My heart is heavy and full as I write this leaf, as it marks the completion of my year as an intern and the end of my graduate program. I said good-bye to a group of people last Thursday who changed my life, inspired me, and aided in the growth of a lifetime. It has been a whirlwind of a year, one that I am leaving a different person, stronger, calmer, happier, and ready to take on the world. I feel that every inch of who I am, deep into my soul, was shaped by my colleagues and supervisors at Harmonium. Each one of them touched my heart, leaving me with a new hope for the future. How incredible it is to be a part of something so rare, genuine, and powerful.  During my time at Harmonium, I was given one of the most incredible gifts mankind has to offer…the opportunity to be with people who woke up my spirit and gave me a greater purpose to live for. You all taught me how to walk among the great ones because you let me walk with you.

 

Without the experiences that took place over the course of my two years of graduate school, fifty-two leaves would have never happened.

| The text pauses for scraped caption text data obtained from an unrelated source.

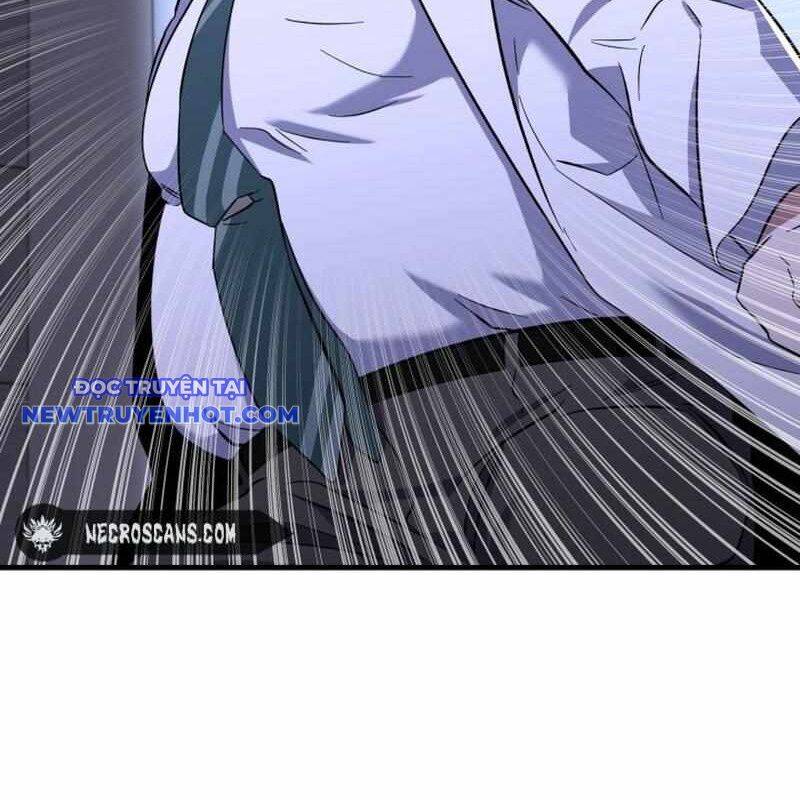 Tuyệt Đỉnh Bác Sĩ - Chapter 16 - Page 82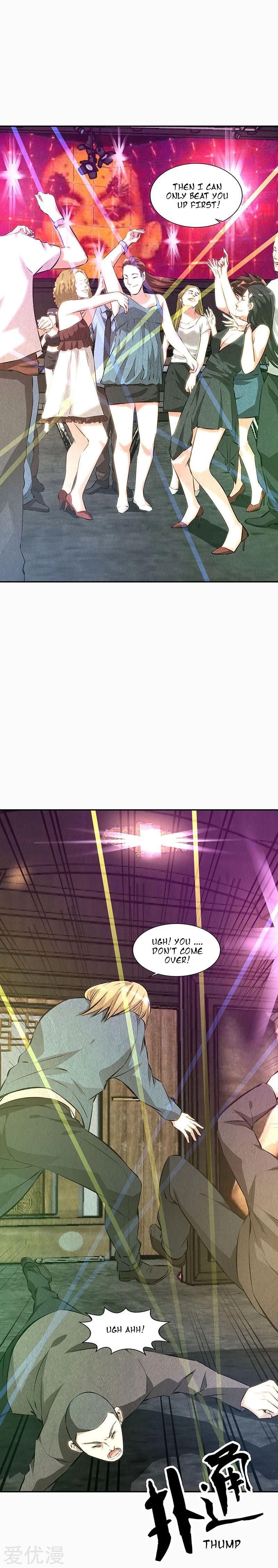 Page 9 of Chapter 151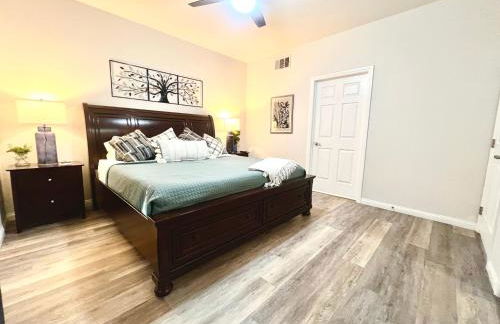 Supreme updated Hawkridge Condo - Foto 7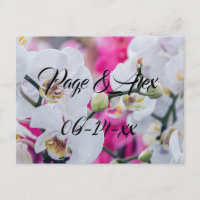 Die besten Wünsche nach neuem Weds Wedding Destiny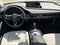 2026 Mazda Mazda CX-30 2.5 Turbo Premium Plus AWD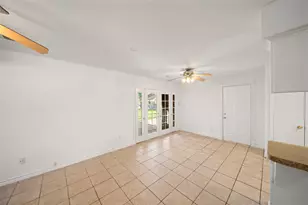 4009 Brookwoods Dr, Houston, TX 77092 - Photo 19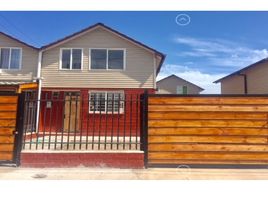 3 Bedroom House for sale in Buin, Maipo, Buin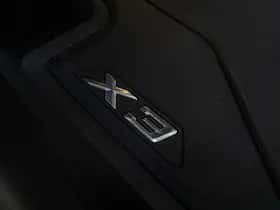 BMW X3 (2020) thumbnail 19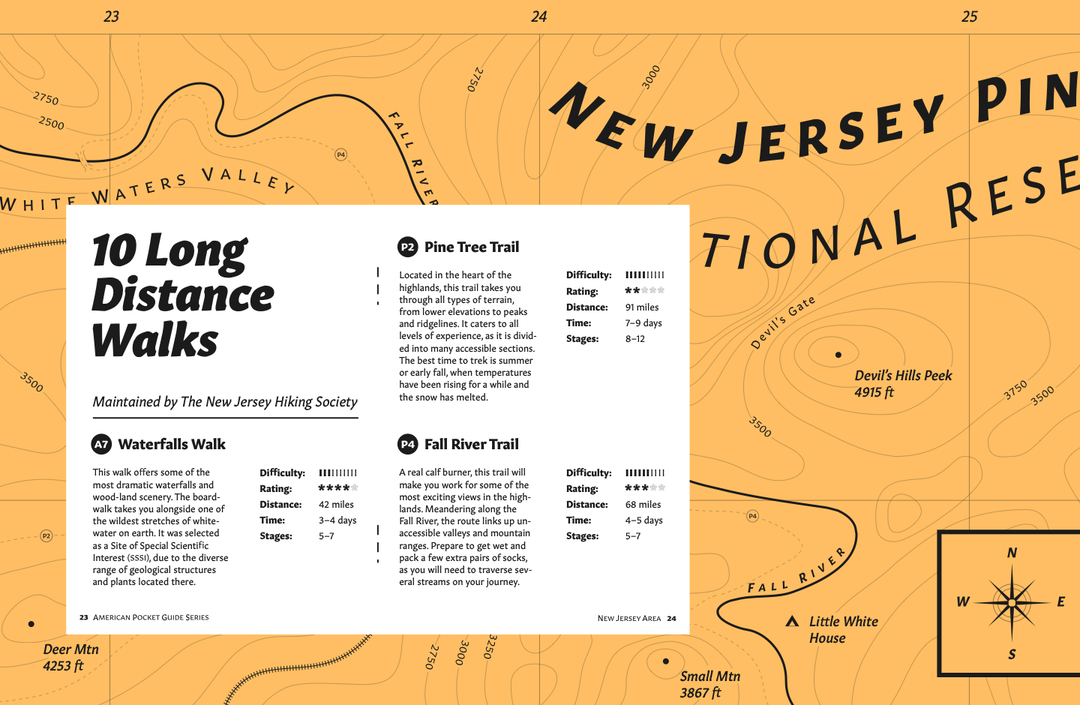 rosetta-spon-con-itsnicethat07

I know without a doubt, I would be stuck in the midst of my need for perfection, longing for what it meant to live wholeheartedly. As I reflect on this past year, I know in my heart that I found my calling in life. I found a way to develop and integrate both my personal and professional identity to establish my future. The road was not easy, nor is it far from over, but I have been able to build the foundation for where my journey will take me. For as long as I can remember I knew I wanted to be able to help others…I wanted to know their story, to understand them, and to let them know it was going to be okay. What I did not realize, is that I first needed to do the same for myself.

 

As I have come to be able to give myself love, compassion, and support, my value on life has changed dramatically. No matter what the day brings, the feeling of it “being okay” never waivers. For that, I am deeply thankful for graduate school, for the people who aided along the way, and for myself, for having the courage to dig into the deepest, scariest parts of who I am to become a better person. It is a lifelong journey and one that I look forward to living every day. So while I’m closing an extremely BIG and invaluable chapter in my life, I am starting the next one truly living…which is the greatest feeling in the world.

 

Leaf Thirty-four: Ms. Sartini

 

“If we don’t change, we don’t grow. If we don’t grow, we aren’t really living.” –Gail Sheehy

 

Leaf Thirty-four marks my first official day as the Community Counselor at Chaparral High School and what a big day it was. I am filled with incredible amounts of joy, gratitude, and excitement for the year I have ahead. While my nerves will out full force this morning, I am ending the day, feeling calm and ready for tomorrow.

 

Today started off with a beautiful bouquet of flowers sitting on my car from Dallas, with a little note saying “Relax! You’re going to do great”. The thoughtfulness of the gesture meant so much to me. In that moment, I felt myself calm a bit, more ready to take on what was next. Knowing he was thinking of me made everything else easier and less scary. Thank you Dallas, for knowing exactly what I needed.

 

My leaf is titled “Ms. Sartini” as it represents my role as a teacher, something I have NEVER been before. It was weird starting school for the first time in 20 years not as a student. While I do not hold a typical teaching role, my position allows me to teach a class called “Reconnecting Youth”. I work with a group of students for the first semester to establish a peer support system that helps foster their growth and identity. I handed out a syllabus and everything...like a said, weird, but super cool haha.

 

Mostly, I am still wrapping my head around everything. It was crazy to come home from work and have the evening to do whatever I wanted…Bar Method, dinner, t.v., blogging, listening to music…there is a lot that can get done when I do not have to run to babysitting or write a homework. Nonetheless, I have no doubt that I endured all the crazy 12hour days so I could enjoy the transition to my next stage of growth.